Caption-style text data >>
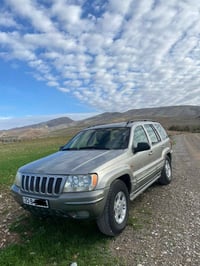 جراند شيروكي • ٢٠٠٢ • ٨بستن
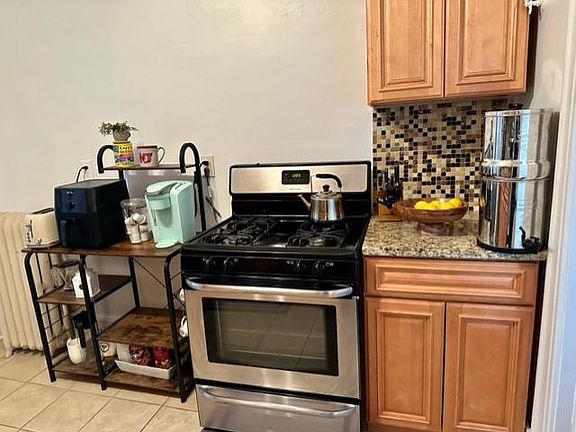 4th image of 16 Seymour St APT 20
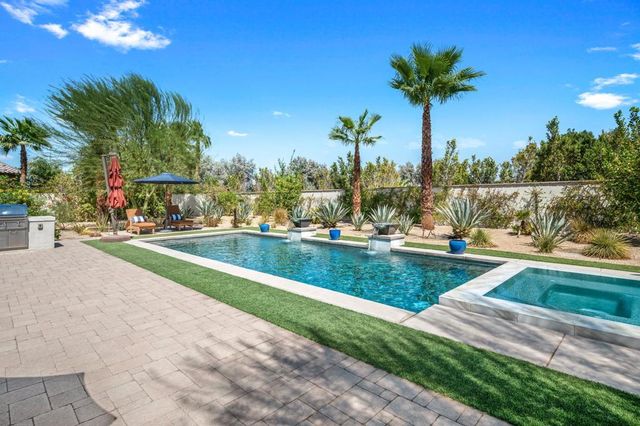 11 Alicante Circle, Rancho Mirage, CA 92270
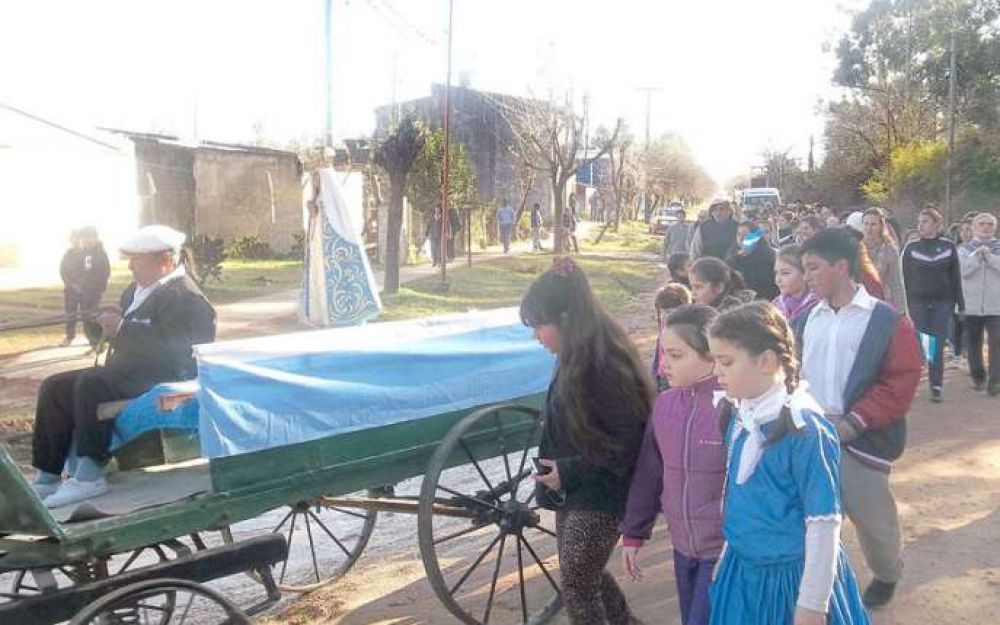 Los feligreses honraron a Nuestra Se�ora de Itat�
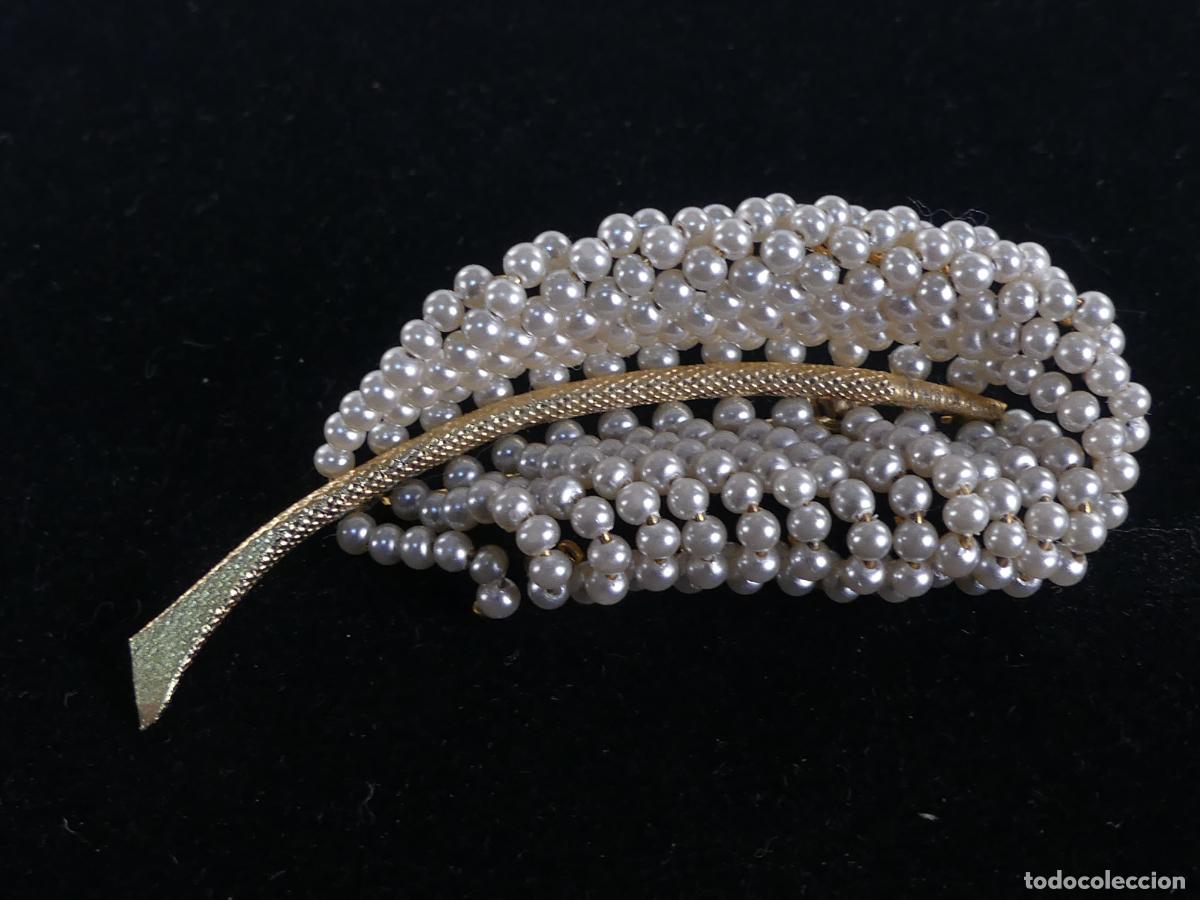 Jewelry: Broche Elegante Hoja de Cuentas y Metal Dorado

Instructions for the task >> In the records above, find the line containing "Los feligreses honraron". Reproduce it and every line after it through the last line, omitting pictures.

Answer to the problem >>
 Los feligreses honraron a Nuestra Se�ora de Itat�
 Jewelry: Broche Elegante Hoja de Cuentas y Metal Dorado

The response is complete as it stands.